Bradley Burston
Haaretz (Opinion)
October 23, 2011 - 12:00am
http://www.haaretz.com/blogs/a-special-place-in-hell/the-new-u-s-zionist-israel-...


Israel-bashing is not what it used to be. In fact, Israel-bashing is not what it was a week ago. The difference is Gilad Shalit.

The difference is that it now turns out to be just fine for U.S. Jews to denounce the actions and policies of the government of Israel – so long as it's being done by hard-line rightists.

These are the very people who for decades have maintained that American Jewish condemnation of Israeli security-related measures is dead wrong on principle, because it will be Israelis and not Jews living in the United States who will ultimately bear the potentially lethal consequences of these critical positions.

But all that is now over. American Jews are now free to fire at will. The only proviso is that the critic take Israel and Israelis to task for being too soft, too sentimental – in short, not muscular enough, not warrior enough, too wimpy, too Ghetto Nebbish - for the likes of the American Jew, bayonet between the teeth, fearsome at the keyboard, heroic in the home office.

In approving the exchange of more than 1,000 Palestinian prisoners to win the release of Gilad Shalit, wrote Michael Rubin in Commentary, the Old Ironsides of U.S. Jewish conservatism, Benjamin Netanyahu "has legitimized terrorism and ensured the scourge will continue."

"With this swap, he has done as much to enable terrorism as have predecessors who believed they could negotiate with terrorists to bring peace."

The new Israel-bashers are not satisfied with lecturing Benjamin Netanyanu – a former anti-terror commando who lost a brother in a gun battle with ruthless kidnappers of Israelis – on the potential dangers of terrorism and kidnapping.

Some, like Steven M. Goldberg, national vice chairman of the Zionist Organization of America, also feel a need to preach to Netanyahu about how Israel – in gaining Gilad Shalit's release from five years in darkness and danger - has forever soiled the good name of Judaism, and has caused Jews everywhere to feel ashamed of their association with it.

"Sukkot, which is supposed to be a joyous holiday, has been stained and scarred," Goldberg wrote in the Los Angeles Jewish Journal.

"It will now mark our craven surrender to evil, to the shame of Israel and the entire Jewish nation."

Not In My Name, cries Rubin.
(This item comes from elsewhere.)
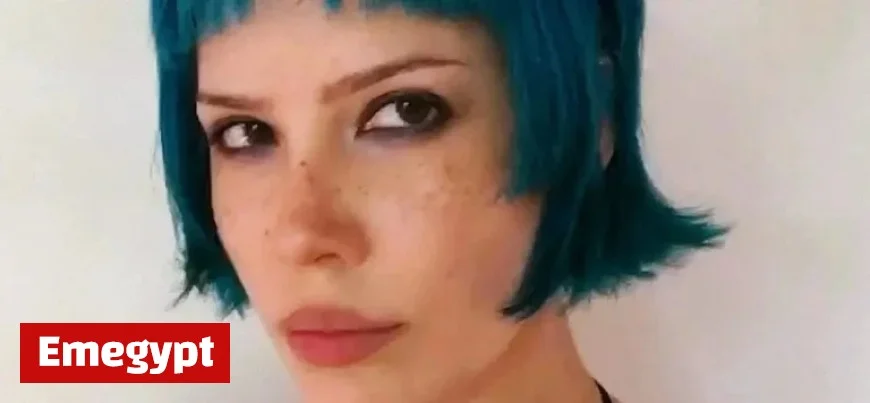 Halsey Shines in Vibrant Crochet Bikini, Showcasing Her Complete Package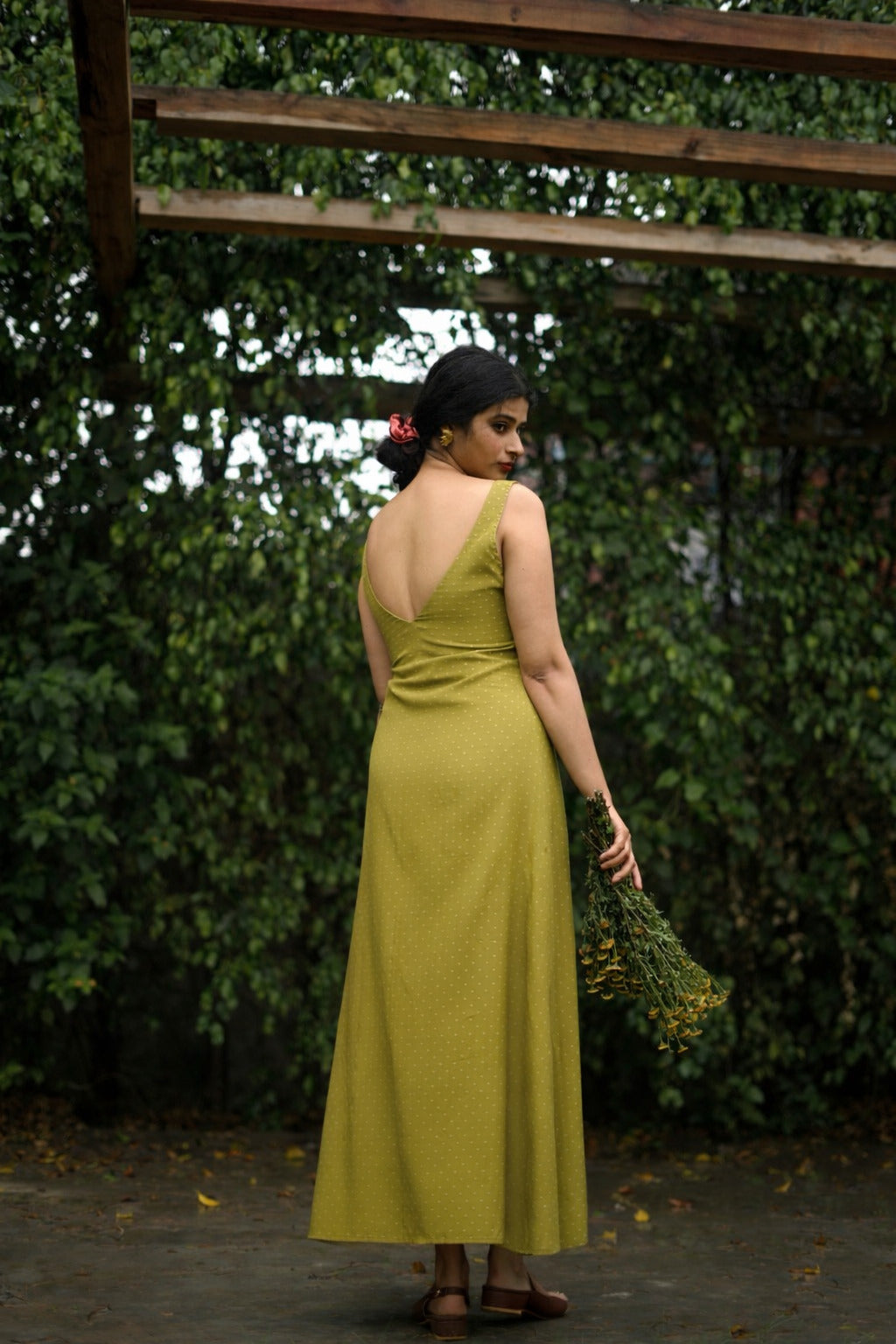 Afterglow Maxi Dress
Israel doesn't speak for me, proclaims Goldberg.

"It wasn't so long ago," Washington-based commentator Ron Kampeas wrote recently of Goldberg's organization, "that the ZOA was haranguing anyone who would dare advise Israel what it 'should' be doing, and who would counsel the Jewish state on what was and was not a 'strategic error.'"

As recently as August, the ZOA took pains to blast away at leftist critics of Israel, in particular those who support boycott campaigns. "Israel is under existential threat from many countries and peoples around the world," the ZOA wrote.

"We, in America, thankfully do not have to worry about and deal with these kinds of threats," the statement continued.

"Therefore, the ZOA believes that Jewish organizations should be very careful about telling Israel how to protect its security," it said.

But that was August. The ZOA now has this to say about the most significant Israeli security measure since then: "Freeing terrorists causes additional murders of Israeli civilians."

"If this dilemma was posed to any other government, it is hard to believe that they would accept the demands of terrorists and kidnappers. If a U.S. serviceman was kidnapped by terrorists in Afghanistan who demanded the release 100 terrorists from Guantanamo, would the U.S. government agree? Clearly, it would not."

Wake up, the ZOA is telling Israelis, and smell the testosterone.

Not to be outdone by the ZOA, is the trail blazer of this type of Israel bashing, the pioneer of the I'm-too-tough-for-Israel school of the American Jewish right, Daniel Pipes.

"This exchange points to the sentimentalization of strategy," Pipes declared in the National Review online. "Leaders who place the concerns of one individual over the interests of the country betray their mandate and poison its future."

"Shame on them."

Nonetheless, it remains the Zionist Organization of America which has come closest to explaining the relative emotional comfort of opposing a prisoner swap by remote control – the relative emotional ease of supporting at a distance of two seas, a policy which could have effectively sentenced a captive soldier to death.

"The appeals to put ourselves in the shoes of the families of the kidnapped are deeply moving and understandable, but cannot be the basis for our decisions."

Of course they can't. You don't live here. Why should you have any idea why nearly 80 percent of Israelis supported the exchange?

For that matter, why should people who have claimed the title of Zionists of America be swayed by the feelings of the overwhelming majority of Israelis – who are, after all, the ones who are putting themselves and their loved ones at direct risk in accepting the deal?

The leaders of the ZOA are, after all, a very particular sort of hardass. More Zionist than Thou. Hardliners by proxy. Zionists, of America.